Le Livyánu est censé apparaître exotique et mystérieux, même pour les autres habitants de Tékumel. C'est une théocratie totalitaire, dirigée par des Prêtres-magiciens et une police secrète (la Vrú'uneb) qui surveille tous les citoyens. Chacun y est tatoué et les tatouages qui couvrent le corps peuvent servir de carte d'identité assez détaillée, y compris les rangs dans chaque classe (les Livyánu ont des numéros de grade dans chaque classe).
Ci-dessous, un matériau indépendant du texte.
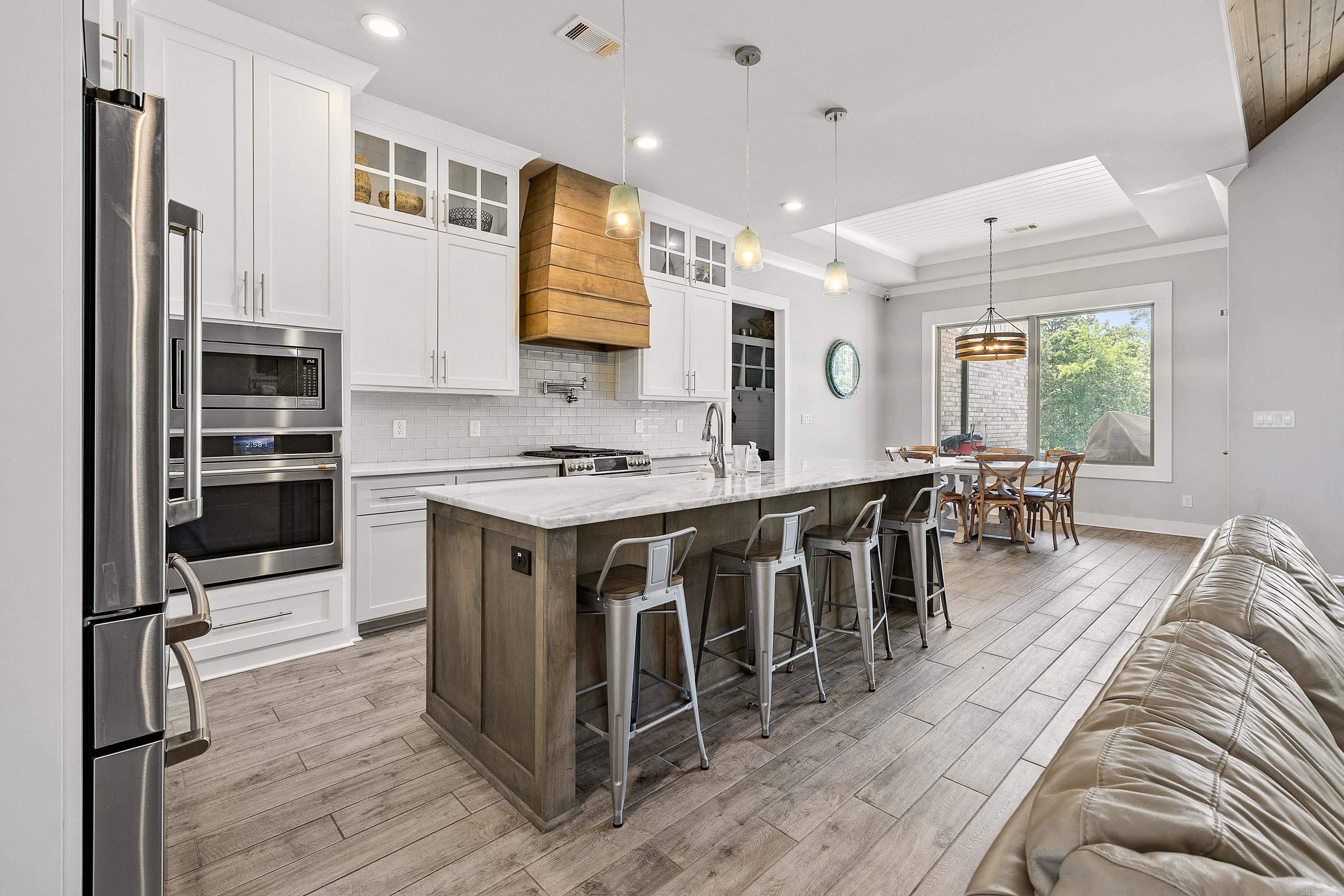 6025  Lodestone  Alexander, AR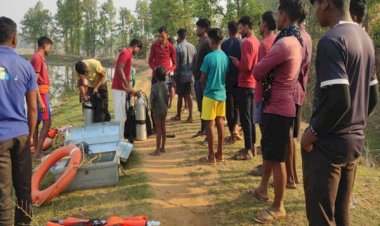 CG पिता-पुत्री की मौत : तालाब में डूबे पिता और पुत्री,मछली मारने के बाद बेटी को कंधे में लेकर पार कर रहा था तालाब,फिर जो हुआ…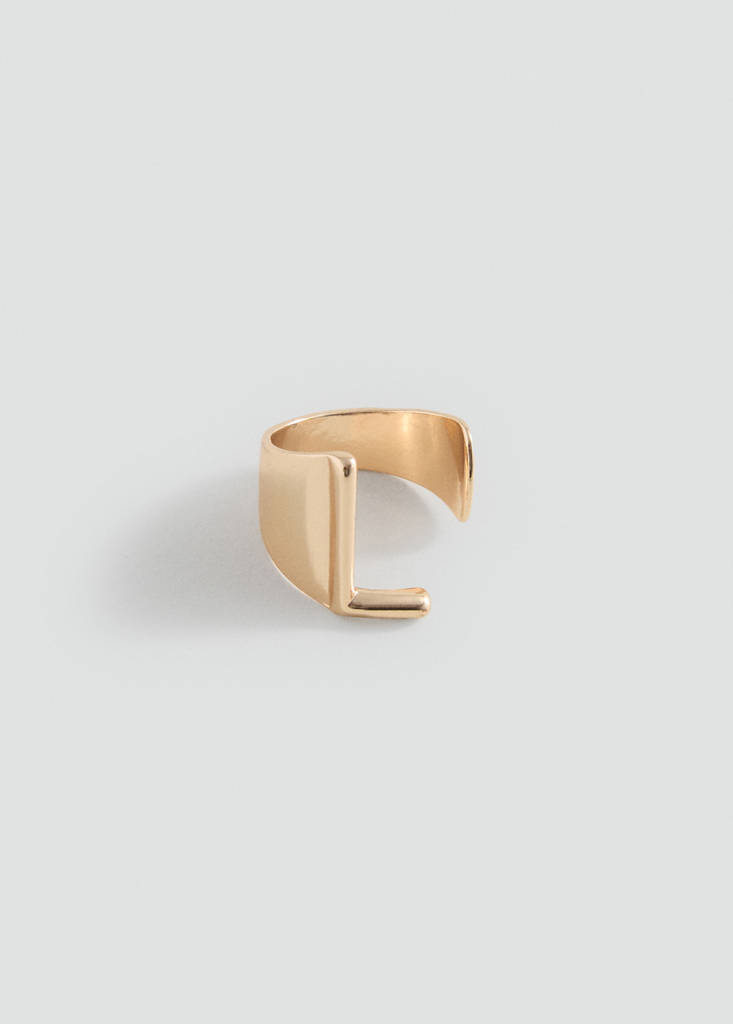Ring with letter design — Gold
Voir notamment Tékumel p. 154 (qui résume beaucoup) et surtout Tékumel Source Book, II, 12-13, 43-44 & 51-52. Le pays est dirigé par le "Numéro Un Sur Un", Dumúz (Frère) Ásqar Gyardánaz, ‘Crosse Principale de la Gloire de Qame’él’, et un conseil des 13 Dieux Occultes de Livyánu et de la Vrú'uneb (qui a l'air d'être un peu le KGB ou la Gestapo).
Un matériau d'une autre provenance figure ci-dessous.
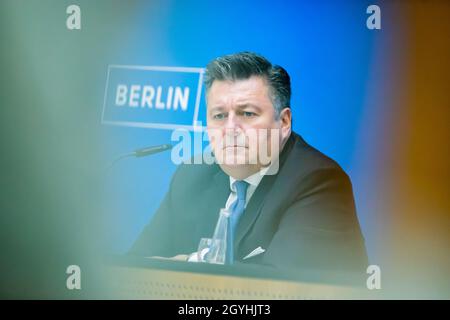 Berlin, Deutschland. 8. Oktober 2021: Andreas Geisel (SPD), Senator des Innern Berlins, nimmt an einer Pressekonferenz zu den Pannen bei der Wahl am 26. September 2021 in Berlin Teil. Nach der Wahl zum Bundestag, zum Abgeordnetenhaus und zu den Bezirksräten am 26. September hatten sich Meldungen über fehlende oder falsche Stimmzettel, mögliche Auszählungen und andere Pannen angesammelt. Darüber hinaus bildeten sich den ganzen Tag über lange Schlangen vor den Wahllokalen. In einigen Fällen setzten die Wähler ihre Stimmabgabe fort, lange nachdem die Wahllokale offiziell geschlossen hatten. Kredit: dpa Bild alli Stockfoto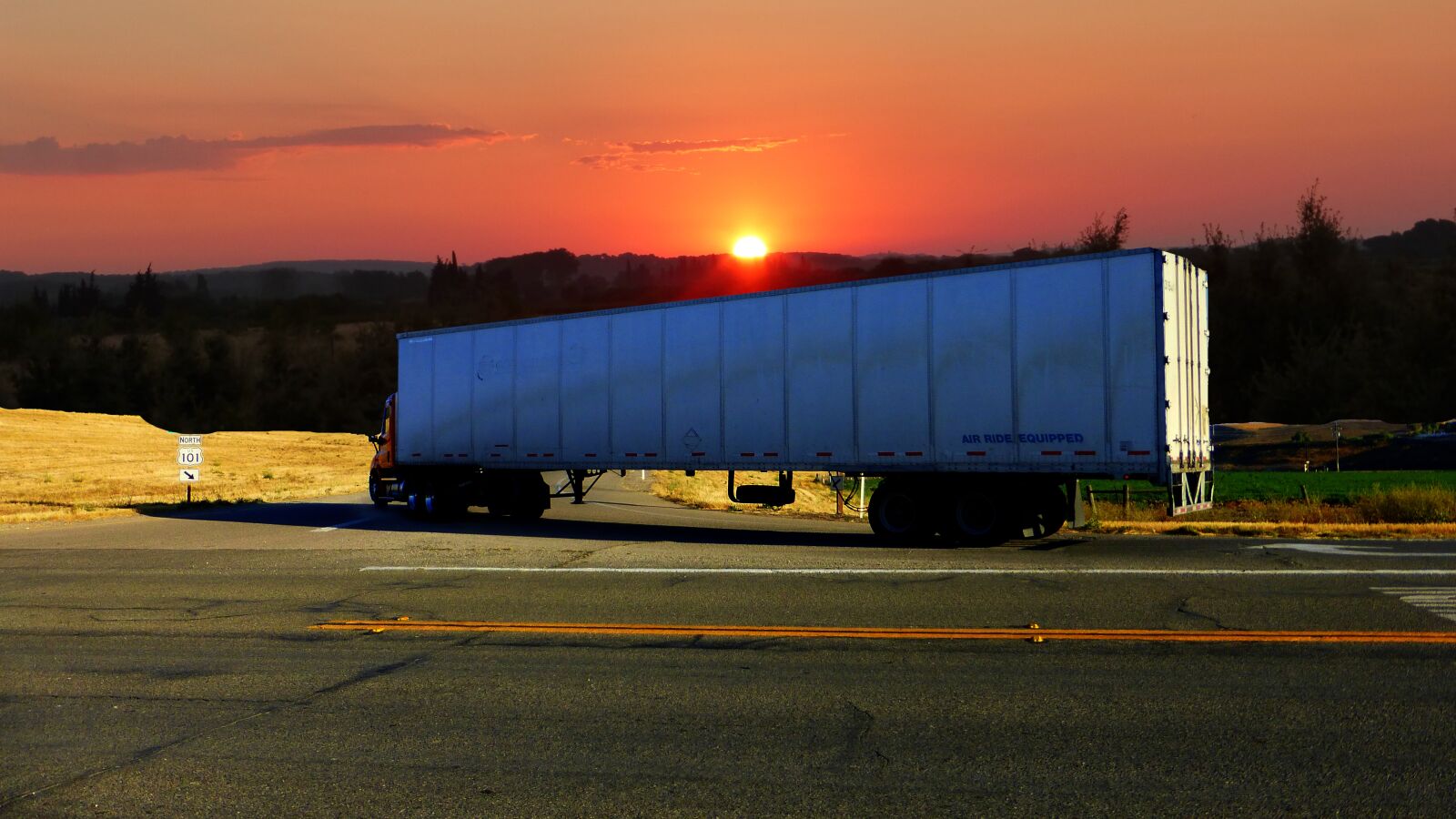Panasonic Lumix DMC-ZS25 (Lumix DMC-TZ35) sample photo. Sunset, truck american, transport photography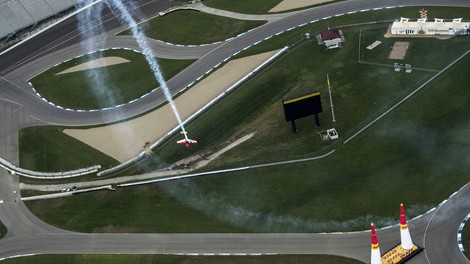 Red Bull Air Race Indianapolis: Peter Podlunšek se iz prestolnice dirkanja vrača z odličnim 11. mestom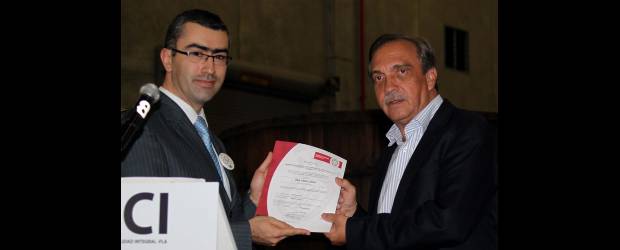 Normas de calidad a la FLA para abrir mercados | Jaime Pérez | Ruben Darío Moreno, ejecutivo de Bureau Veritas Colombia, al momento de entregarle ayer al gobernador de Antioquia. Luis Alfredo Ramos, la certificación de Gestión Ambiental ISO 14001, a la Fábrica de Licores de Antioquia.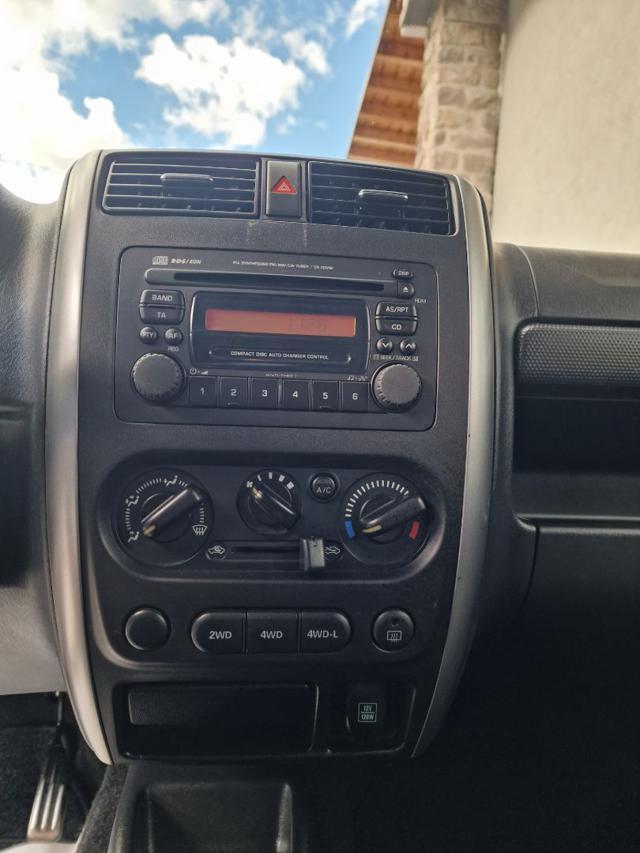 SUZUKI Jimny 1.3i 16V cat 4WD JLX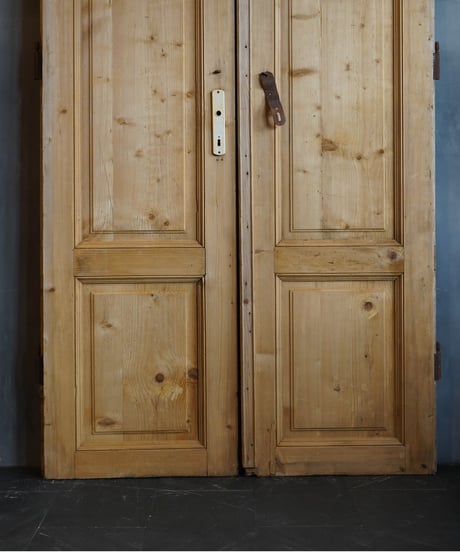 Entrance door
Ces 13 dieux de l'ombre n'ont pas toujours d'équivalent dans le panthéon traditionnel de l'Empire du Trône de Pétale :
- Qame'él, chef du panthéon et dieu de la connaissance
- Celui dans l'Ombre
- Kirrineb, déesse de la fécondité et de la mort
- Vrusaemaz, dieu des enfers
- Guodai, dieu des guerriers et administrateurs
- Le Cornu aux Secrets
- L'Egaré de la Mer
- Quyo, maîtresse du tombeau
- Ndarka, funérailles et fertilité
- La Déesse Marine de Kakarsha
- Kikumarsha, Trompeur et sorcier
- Celui des Peurs
Cependant, dans le présent de Tékumel (après 2367), le Livyánu a été vaincu et ne peut plus représenter le même domaine mystérieux, ce qui est dommage.
Le roman a quelques illustrations pour visualiser les races inhumaines du sud (Tinaliya et Shen), une carte générale des Cinq Empires et deux cartes des cités de Livyánu, la cité interdite de Dlásh (siège du Syndic des Marchands et d'une corporation multi-planaire, Gij & Fils) et le port de Tsámra (la capitale, qui tolère des étrangers, mais dans un quartier fermé). Le livre est donc très utile pour toute campagne qui voudrait sortir de l'Empire du Trône de Pétale pour aller visiter ces théocrates tatoués de Livyánu.